Move the camera along a line between its current position and the object. With a perspective projection, the object’s position within the viewport will remain fixed.

Thank you, that’s exactly what I was looking for! I do have another issue though. Since I’m drawing a bunch of points, it’s very easy to miss with the mouse, so that the selected point is actually on the far plane. I’m using the distance between the selected point and the camera to calculate the zoom speed, so that it looks smooth at all distances. Except, when I miss the point, it’s a lot less smooth.

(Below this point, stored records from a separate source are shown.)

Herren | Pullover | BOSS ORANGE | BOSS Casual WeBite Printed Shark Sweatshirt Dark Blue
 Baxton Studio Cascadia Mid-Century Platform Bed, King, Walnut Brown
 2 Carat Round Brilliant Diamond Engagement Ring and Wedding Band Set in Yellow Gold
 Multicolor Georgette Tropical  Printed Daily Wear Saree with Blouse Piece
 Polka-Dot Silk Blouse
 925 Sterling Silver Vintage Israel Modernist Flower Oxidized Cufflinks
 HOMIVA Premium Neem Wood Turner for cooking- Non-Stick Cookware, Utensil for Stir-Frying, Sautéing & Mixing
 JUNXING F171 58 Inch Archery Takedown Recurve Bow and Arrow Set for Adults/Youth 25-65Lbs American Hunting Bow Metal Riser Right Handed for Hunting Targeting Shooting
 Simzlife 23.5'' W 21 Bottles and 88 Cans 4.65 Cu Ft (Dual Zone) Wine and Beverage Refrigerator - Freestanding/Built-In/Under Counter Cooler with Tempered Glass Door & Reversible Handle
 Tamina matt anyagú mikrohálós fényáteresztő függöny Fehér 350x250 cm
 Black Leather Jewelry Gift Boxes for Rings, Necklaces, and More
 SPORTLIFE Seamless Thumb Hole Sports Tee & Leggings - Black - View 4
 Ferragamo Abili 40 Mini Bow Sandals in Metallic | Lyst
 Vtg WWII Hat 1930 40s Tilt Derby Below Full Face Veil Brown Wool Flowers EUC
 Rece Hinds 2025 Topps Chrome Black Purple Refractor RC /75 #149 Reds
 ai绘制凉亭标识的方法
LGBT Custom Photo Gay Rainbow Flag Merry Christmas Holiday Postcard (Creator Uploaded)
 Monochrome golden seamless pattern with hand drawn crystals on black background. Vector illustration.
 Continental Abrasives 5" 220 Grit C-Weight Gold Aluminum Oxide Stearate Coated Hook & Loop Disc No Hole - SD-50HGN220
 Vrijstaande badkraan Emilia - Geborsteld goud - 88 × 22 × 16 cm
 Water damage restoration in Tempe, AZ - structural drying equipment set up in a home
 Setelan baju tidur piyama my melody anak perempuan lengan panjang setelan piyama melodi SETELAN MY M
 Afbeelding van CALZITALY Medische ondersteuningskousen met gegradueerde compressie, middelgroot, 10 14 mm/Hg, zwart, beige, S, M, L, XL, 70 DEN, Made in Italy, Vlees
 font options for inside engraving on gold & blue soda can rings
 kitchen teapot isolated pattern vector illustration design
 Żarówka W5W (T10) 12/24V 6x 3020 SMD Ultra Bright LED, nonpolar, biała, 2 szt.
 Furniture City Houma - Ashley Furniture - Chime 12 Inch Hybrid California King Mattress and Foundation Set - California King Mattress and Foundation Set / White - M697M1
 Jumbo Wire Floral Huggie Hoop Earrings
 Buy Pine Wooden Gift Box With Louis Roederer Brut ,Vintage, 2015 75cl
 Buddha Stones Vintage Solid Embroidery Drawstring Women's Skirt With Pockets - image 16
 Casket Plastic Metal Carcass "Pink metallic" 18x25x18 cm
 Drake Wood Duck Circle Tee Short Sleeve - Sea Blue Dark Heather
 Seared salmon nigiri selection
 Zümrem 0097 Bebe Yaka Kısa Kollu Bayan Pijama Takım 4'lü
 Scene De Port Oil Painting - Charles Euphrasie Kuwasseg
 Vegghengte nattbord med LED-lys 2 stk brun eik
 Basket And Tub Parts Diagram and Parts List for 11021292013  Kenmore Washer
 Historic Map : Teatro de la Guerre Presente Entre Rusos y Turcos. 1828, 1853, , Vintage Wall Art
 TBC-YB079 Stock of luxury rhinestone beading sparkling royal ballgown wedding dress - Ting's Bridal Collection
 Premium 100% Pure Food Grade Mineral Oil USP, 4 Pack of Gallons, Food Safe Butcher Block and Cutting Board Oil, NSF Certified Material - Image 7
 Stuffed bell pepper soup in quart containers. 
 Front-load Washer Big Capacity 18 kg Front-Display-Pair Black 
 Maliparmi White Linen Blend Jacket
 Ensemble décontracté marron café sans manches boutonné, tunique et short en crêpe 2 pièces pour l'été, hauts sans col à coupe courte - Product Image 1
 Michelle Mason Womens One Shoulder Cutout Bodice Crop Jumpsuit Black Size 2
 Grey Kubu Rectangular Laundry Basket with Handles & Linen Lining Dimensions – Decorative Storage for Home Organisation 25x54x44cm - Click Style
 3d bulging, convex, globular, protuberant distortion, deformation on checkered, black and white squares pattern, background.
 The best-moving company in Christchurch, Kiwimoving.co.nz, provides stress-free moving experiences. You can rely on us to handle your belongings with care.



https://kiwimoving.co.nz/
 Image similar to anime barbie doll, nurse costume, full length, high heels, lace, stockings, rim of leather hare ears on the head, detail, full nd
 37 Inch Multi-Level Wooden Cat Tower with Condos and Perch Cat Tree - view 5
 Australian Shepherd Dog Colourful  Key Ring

The only thing I can think to do is to manually select one of my nearest object when I detect the cursor is on the far plane, but that seems pretty hacky and could cause unwanted behavior. Do you know any smarter options?

void Visual::scroll_callback(GLFWwindow* window, double xoffset, double yoffset)
{
	updateModelViewProjection();

	glm::mat4 modelview = view*model;
	glm::vec4 viewport = { 0.0, 0.0, width, height };

	float winX = cursorPrevX;
	float winY = viewport[3] - cursorPrevY;
	float winZ;

	glReadPixels(winX, winY, 1, 1, GL_DEPTH_COMPONENT, GL_FLOAT, &winZ);
	glm::vec3 screenCoords = { winX, winY, winZ };

	glm::vec3 cursorPosition = glm::unProject(screenCoords, modelview, projection, viewport);
	float distance = glm::distance(cursorPosition, camera.Position);
	glm::vec3 direction = 0.1f * distance * glm::normalize(cursorPosition - camera.Position);

	camera.Position += (float)yoffset * direction ;
	camera.Target += (float)yoffset * direction;
}

Require picking an actual object. If objects are large enough that its reasonable to expect the user to click on them exactly, just ignore clicks which miss. Otherwise, you need some technique for choosing a nearby object.

If you’re reading a pixel from the depth buffer to obtain a 3D point, then the simplest modification is to read a small region around the cursor rather than a single pixel, and choose either the pixel with the least depth value, or the pixel closest to the centre of the region which isn’t at the far plane, or some blend between the two (i.e. the highest “score”, where the score decreases with both depth and distance).

The least-depth approach avoids the situation where you narrowly miss picking a close object and accidentally pick a background object you didn’t notice was there, but it means that you can’t pick distant objects which are just “peeking out” from behind a closer object. The choice between the two approaches (or the relative weightings given to them) is a matter of preference.